## Material provided
■ ■ ■

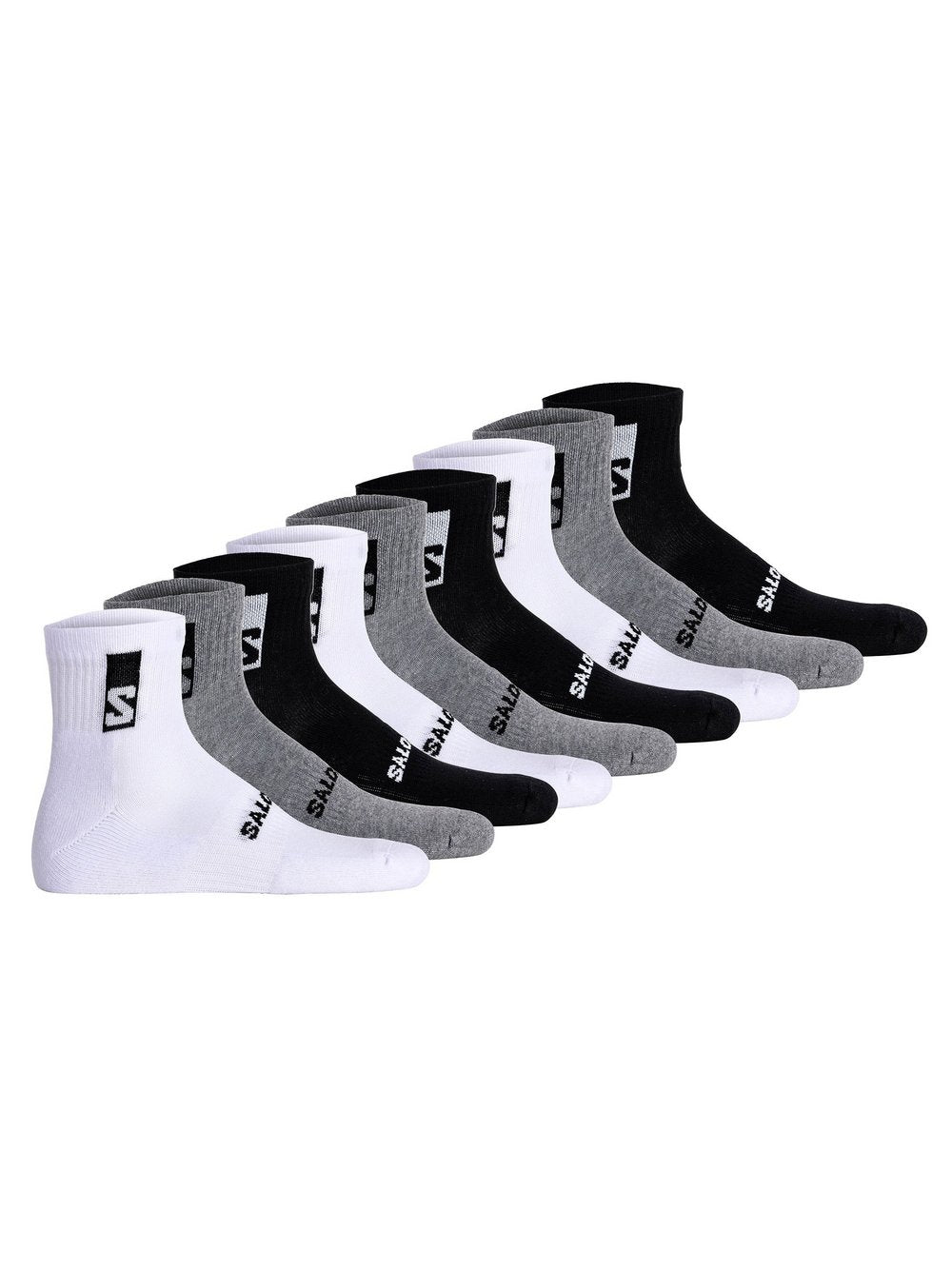 Salomon Socken 9er Pack Damen Baumwolle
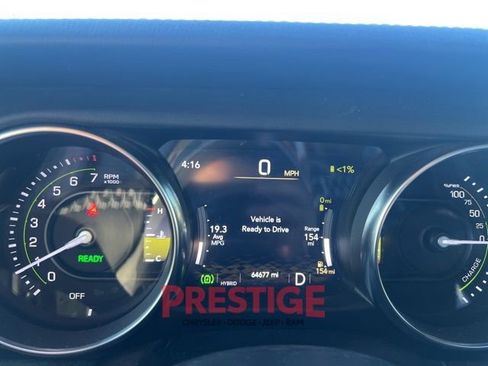 Used 2022 Jeep Wrangler Unlimited Sahara 4xe image 40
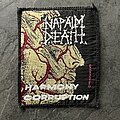 Napalm Death - Patch - Napalm Death Harmony Corruption patch 1991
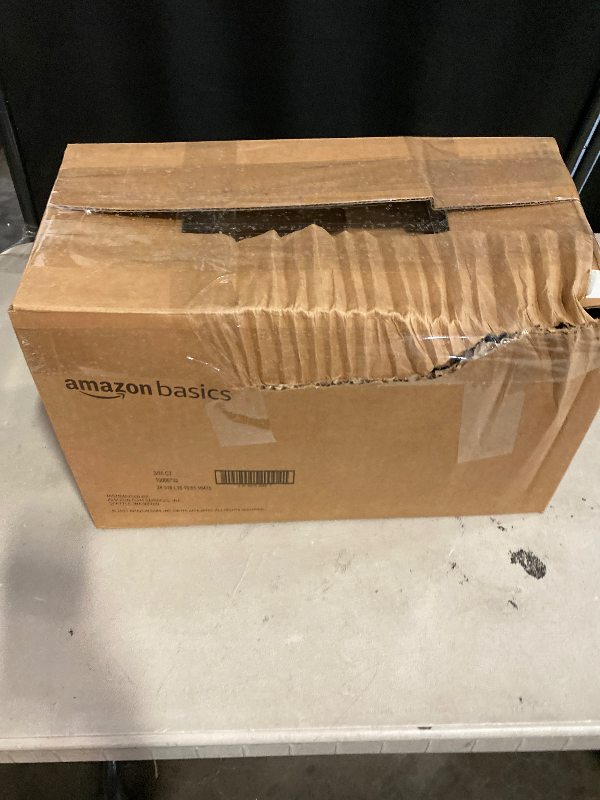 Photo 1 of 4 Pack 8 Inch Caster Wheels, Swivel Rubber Plate Caster with Top Plate and Screws, 2 Brake Wheels, for Furniture Transport Industrial Transport, 3000Lbs Load Capacity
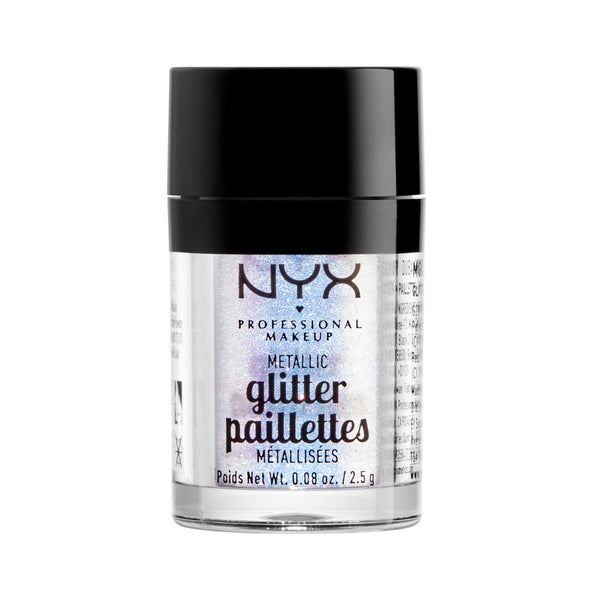 NYX Professional Makeup Metallic Glitter Face And Body Lumi-Lite. Metallik sädelus nägu/keha 2.5g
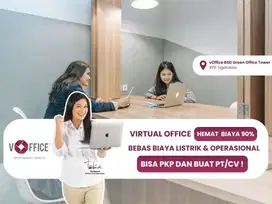 SEWA VIRTUAL OFFICE TAHUNAN KAWASAN BSD TANGERANG SELATAN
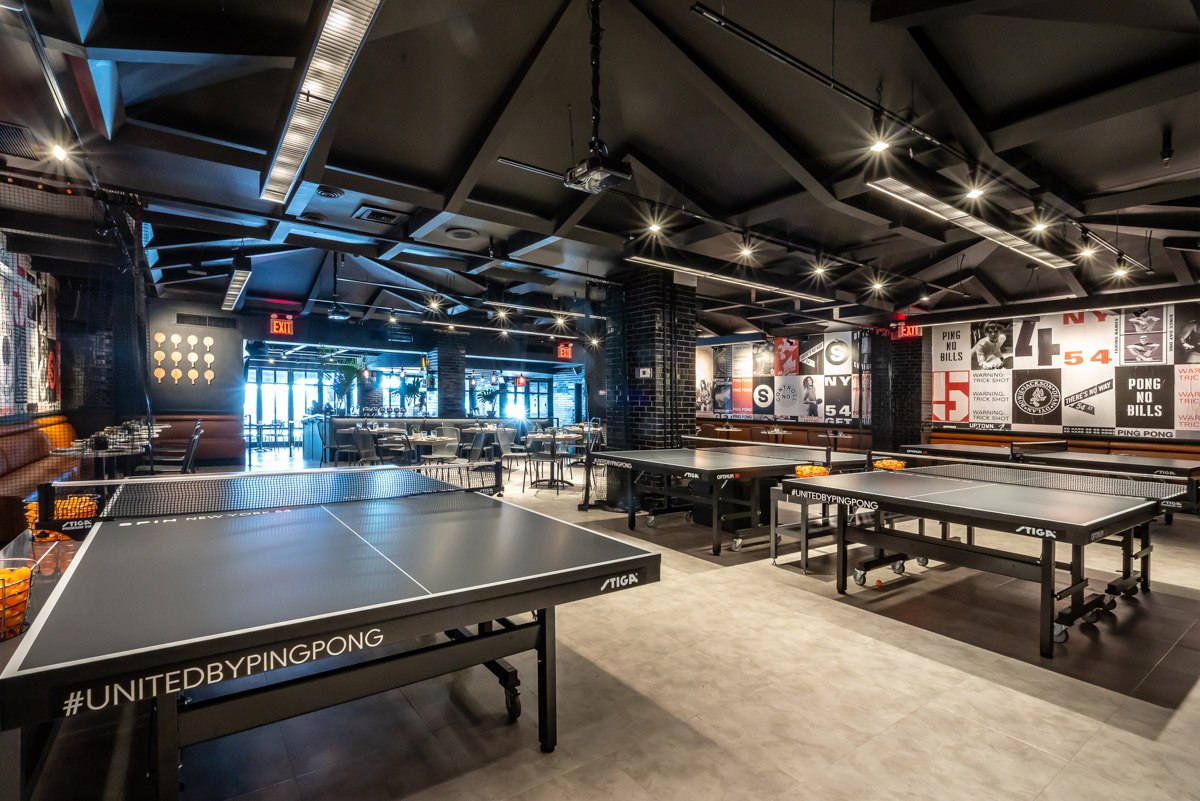 復(fù)古工業(yè)風(fēng)乒乓球館裝修設(shè)計-第6張圖片-上海古都建筑設(shè)計集團(tuán)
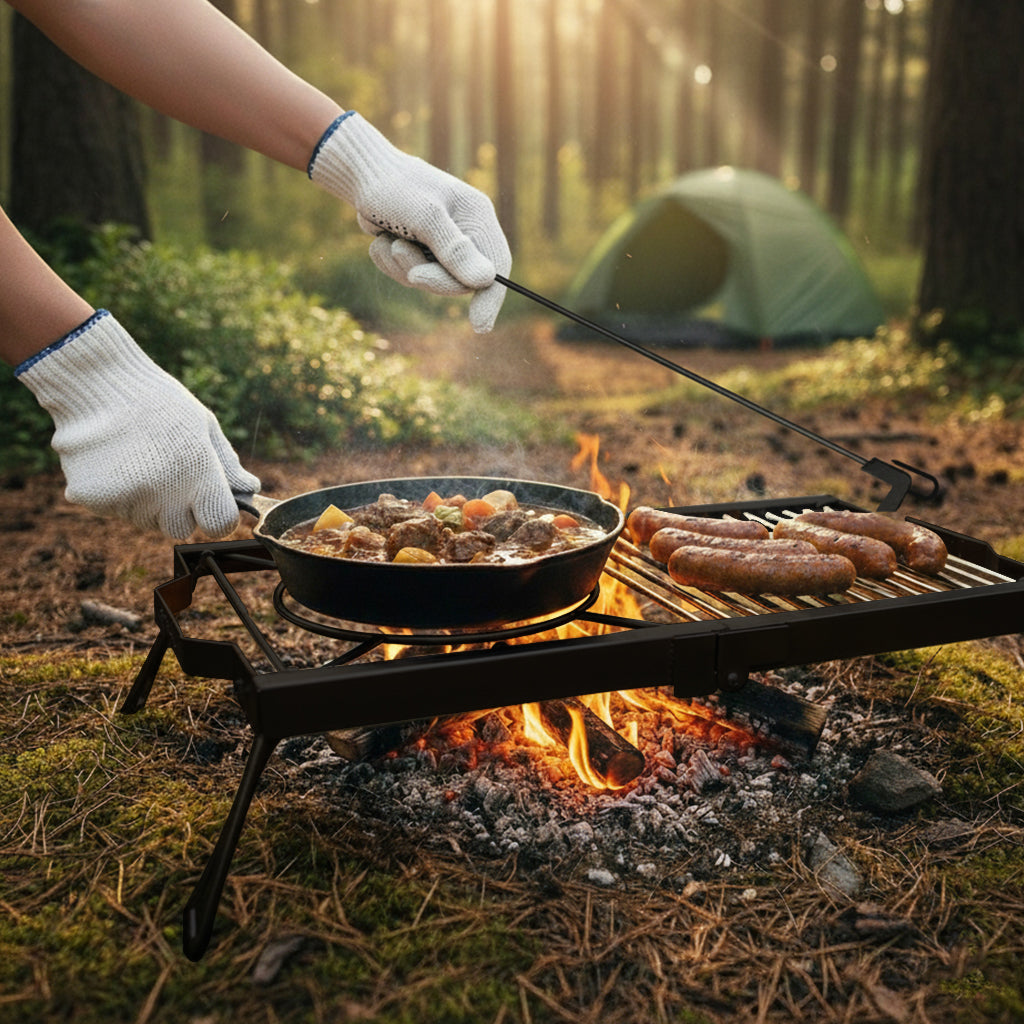 Parrilla Mediana de Camping Premium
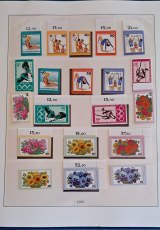 Spitzensammlung Bund 1949 - 1994 postfrisch komplett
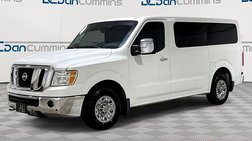 2017 Nissan NV 3500 HD SL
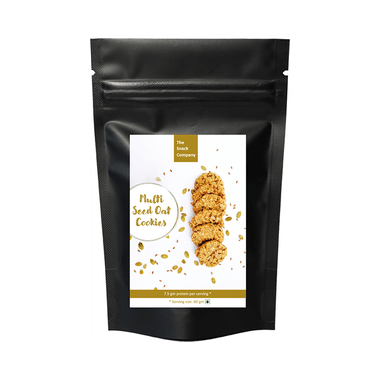 The Snack Company Multi-Seed Oat Cookie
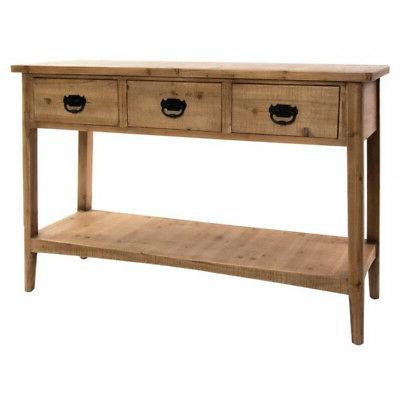 tavolo consolle vintage industrial etnico chic legno
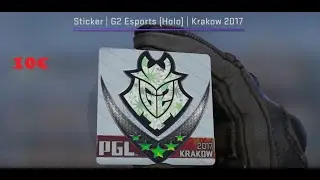 Expensive Krakow 2017 Sticker Craft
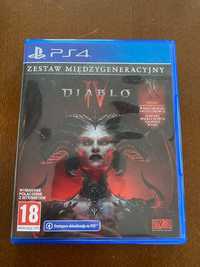 Diablo 4 - PS4 (aktualizacja do PS5) - wersja pudełkowa używana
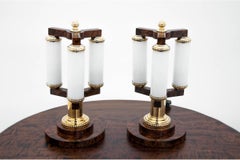 Set of Art Deco Table Lamps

■ ■ ■

Output the records above in their entirety and exactly, leaving out all images.

## Written reply
 Salomon Socken 9er Pack Damen Baumwolle
 Used 2022 Jeep Wrangler Unlimited Sahara 4xe image 40
 Napalm Death - Patch - Napalm Death Harmony Corruption patch 1991
 Photo 1 of 4 Pack 8 Inch Caster Wheels, Swivel Rubber Plate Caster with Top Plate and Screws, 2 Brake Wheels, for Furniture Transport Industrial Transport, 3000Lbs Load Capacity
 NYX Professional Makeup Metallic Glitter Face And Body Lumi-Lite. Metallik sädelus nägu/keha 2.5g
 SEWA VIRTUAL OFFICE TAHUNAN KAWASAN BSD TANGERANG SELATAN
 復(fù)古工業(yè)風(fēng)乒乓球館裝修設(shè)計-第6張圖片-上海古都建筑設(shè)計集團(tuán)
 Parrilla Mediana de Camping Premium
 Spitzensammlung Bund 1949 - 1994 postfrisch komplett
 2017 Nissan NV 3500 HD SL
 The Snack Company Multi-Seed Oat Cookie
 tavolo consolle vintage industrial etnico chic legno
 Expensive Krakow 2017 Sticker Craft
 Diablo 4 - PS4 (aktualizacja do PS5) - wersja pudełkowa używana
 Set of Art Deco Table Lamps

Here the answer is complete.